Partout dans Kfar Aza c’est la désolation et chaque pièce porte les stigmates indélébiles de la barbarie. Le même scénario s’est répété en même temps à Be’eri, Nir Hoz notamment.

Nous partons ensuite à Sderot, ville fantôme de 40 000 habitants, vidée de sa population. Ici les roquettes du Hamas et les pick up de terroristes ont déferlés sur la ville. Une vingtaine de policiers ont été tués, une vieille dame s’est volontairement défenestrée de terreur, les habitants sont restés calfeutrés 6h en attendant l’arrivée de l’armée. Nous restons peu de temps, le bruit des roquettes et les alertes sont réguliers. Trop dangereux.




Des otages de 9 mois à 88 ans, aux mains du monstre

La rencontre avec les familles des otages qui, depuis le 7 octobre, n’ont plus aucune nouvelle de leurs proches, restera inoubliable. Les échanges ont eu lieu à huis clos avant que la presse ne vienne questionner les familles. Dès le début, deux jeunes hommes venus avec un grand portrait de Céline, 32 ans, disparue à moment de l’attaque au concert de Tribes of Nova, ont reçu un appel de Tsahal. Un appel dont nous avons appris qu’il leur annonçait l’identification du corps de cette jeune mère d’un bébé de 6 mois, parmi les corps entreposés à Shura. Beaucoup d’émotion à l’évocation des récits de chacun. Ces familles ont connu l’enfer et la terreur de l’attaque et nous avons surtout voulu les écouter. Une mère de famille qui a vécu le massacre du kibboutz Nir Hoz, n’avait plus de nouvelles de son ex mari, sa mère, sa nièce et ses deux enfants Erez et Sahar. Depuis nous savons que la grand-mère et sa nièce ont été retrouvées décédées. Aucune nouvelle en revanche du père et de ses deux enfants. La France a perdu 35 Français dans le massacre du 7 octobre et 9 de nos concitoyens sont détenus à Gaza. Nous devons sans relâche penser à eux et réclamer leur libération.

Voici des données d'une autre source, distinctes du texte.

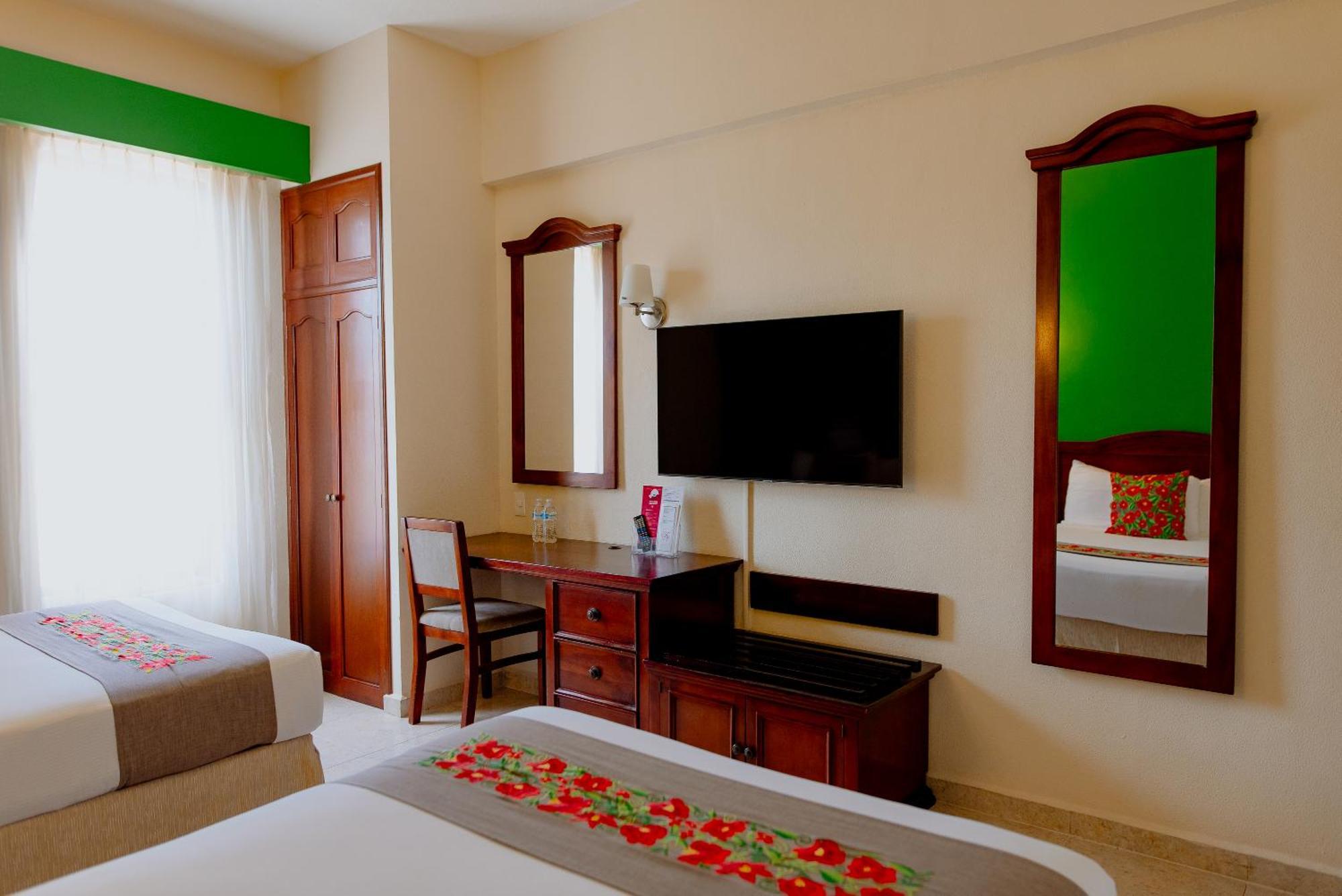 Hotel Plaza Campeche Luaran gambar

Une économie et une vie à l’arrêt

Les journalistes en parlent peu mais depuis le 7 octobre, et cela s’est accentué avec les attaques du Hezbollah au Nord d’Israël, près de 200 000 israéliens sont déplacés et ne vivent plus dans leur maison. Dans les kibboutzim proches de Gaza où ont eu lieu les massacres, quelques habitants sont restés avec des soldats pour s’occuper des élevages d’animaux de ces fermes agricoles. Sdérot et d’autres villes moyennes ont été évacuées. Beaucoup d’enfants n’ont plus d’école. Les restaurants sont fermés, les hôtels réquisitionnés pour accueillir les déplacés. Les alertes, qui annoncent les roquettes du Hamas, sont incessantes. Le dôme de fer et ses batteries anti aériennes en intercepte 85% et pour ne pas être blessés ou tués par les débris, les israéliens sont priés de rejoindre les abris en parfois 30 secondes à peine. Chaque interception coûte 50 000$. Ces alertes sont le quotidien des Israéliens, même par temps calme.

La solidarité dont les Israéliens font preuve dans l’adversité, effaçant leurs divergences pour choisir l’unité, force l’admiration. Les réservistes sont arrivés en nombre du monde entier, laissant derrière eux leur vie professionnelle et leur famille. Pour leur patrie.